I wish I had photos of some of the cars that I have owned or built. However, it was never a priority for me. Woodworking projects have always been the same for me. I did it for myself and never gave it any thought that others would be interested in me sharing my processes or knowledge.

However, projects like these, with a photographic story can inspire. As a member of the forum I have made a decision that any project that I do from now on, I will photograph. That way, if someone is interested I can show my process and provide a learning tool.


----------



## Herb Stoops (Aug 28, 2012)

Stick486 said:


> @Herb Stoops...
> can those shackles be done from steam bent dowels or laid up veneer???


Good idea ,Stick, I am not into steam bending,tried it and did not like it, but the veneering build-up has a lot of possibilities. I will investigate that procedure as the shackles with the grain going lengthwise is a weak link. I broke 4-5 of the small ones and 1 of the large ones. 
HMMMM... got me thinking again, Sick.
Herb


----------



## TenGees (Sep 12, 2012)

That's amazing stuff, Herb. Thanks for the added construction shots, the hoops are very cool.


----------



## Frankj3 (Oct 6, 2014)

Not much else I can add to the thread.....except.....OUT-FREAKING-STANDING!!!!!!!


----------



## Jerry Bowen (Jun 25, 2011)

It appears that your new Dewalt Scroll Saw works well for you. I'd go further ans say that it also appears that you tend toward being some sort of genius, my gosh, I'm so impressed.

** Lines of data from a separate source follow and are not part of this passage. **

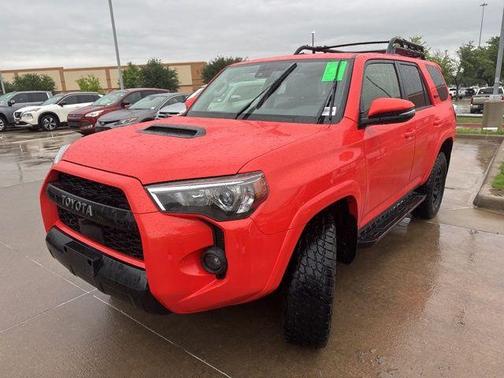 2023 Toyota 4Runner TRD Pro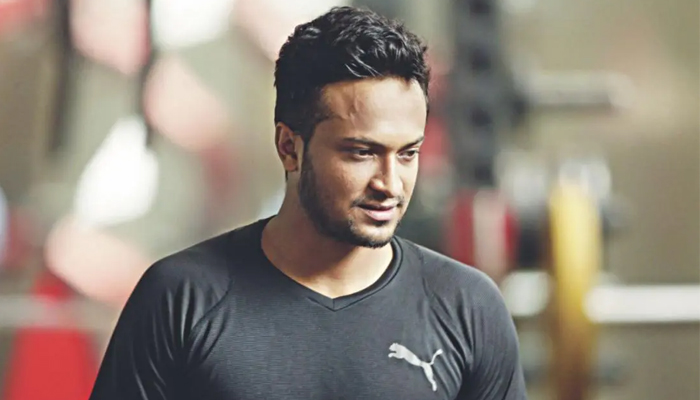 শেয়ার কারসাজির তদন্তে আবারও সাকিবের নাম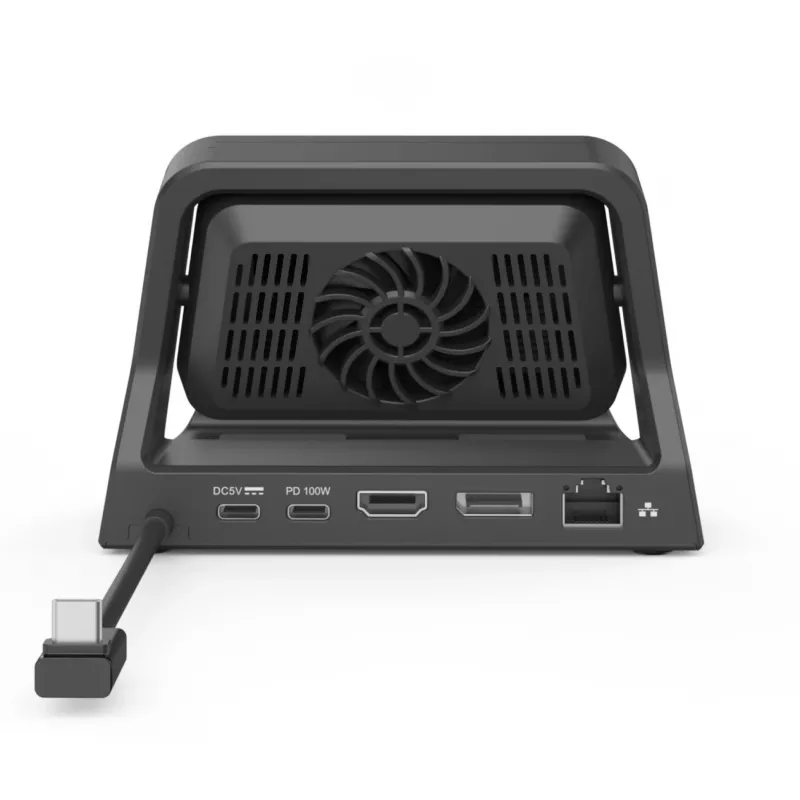 UNITEK dokovacia stanica Pro pre Steam Deck 100W 8K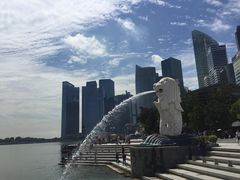 -鱼尾狮公园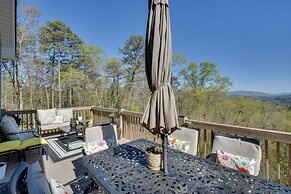 Lakemont Retreat: Game Room, Hot Tub, & Mtn Views!
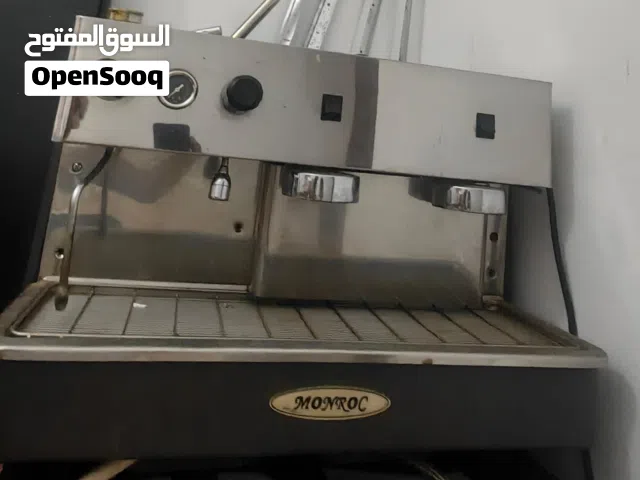 Monroc Coffee Machine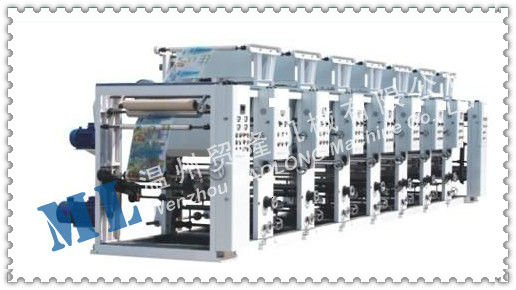 ML Ecnomic high speed rotogravure printing machine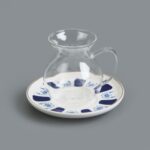 Perotti Laleli 12 Parça Çay Seti - Renkli - 210 ml - Görsel 2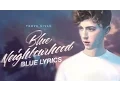 Download Lagu BLUE troye sivan (ft. alex hope) lyrics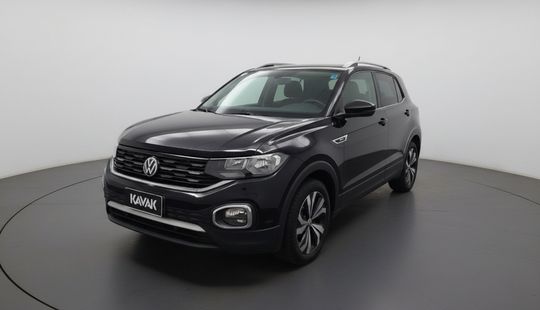 Volkswagen • T-Cross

How much time does it take to make one average lock?. Since you have not had the new saw very long, you must not spend much time on them assuming that all of the photos are of locks that you actually made, again, I am impressed and glad that you shared your work with us.

Jerry


----------



## Barry747 (Jun 16, 2011)

Absolutely impressive work in both fit and finish. 

But, I'd be careful where I use those locks. I understand that some buglers have formed partnerships with termites. :sarcastic:


----------



## Herb Stoops (Aug 28, 2012)

Barry747 said:


> Absolutely impressive work in both fit and finish.
> 
> But, I'd be careful where I use those locks. I understand that some buglers have formed partnerships with termites. :sarcastic:


In the same category as wood worms,
Herb


----------



## DonkeyHody (Jan 22, 2015)

Barry747 said:


> But, I'd be careful where I use those locks. I understand that some buglers have formed partnerships with termites. :sarcastic:


I'd be afraid they'd steal the lock and leave everything else . . .


----------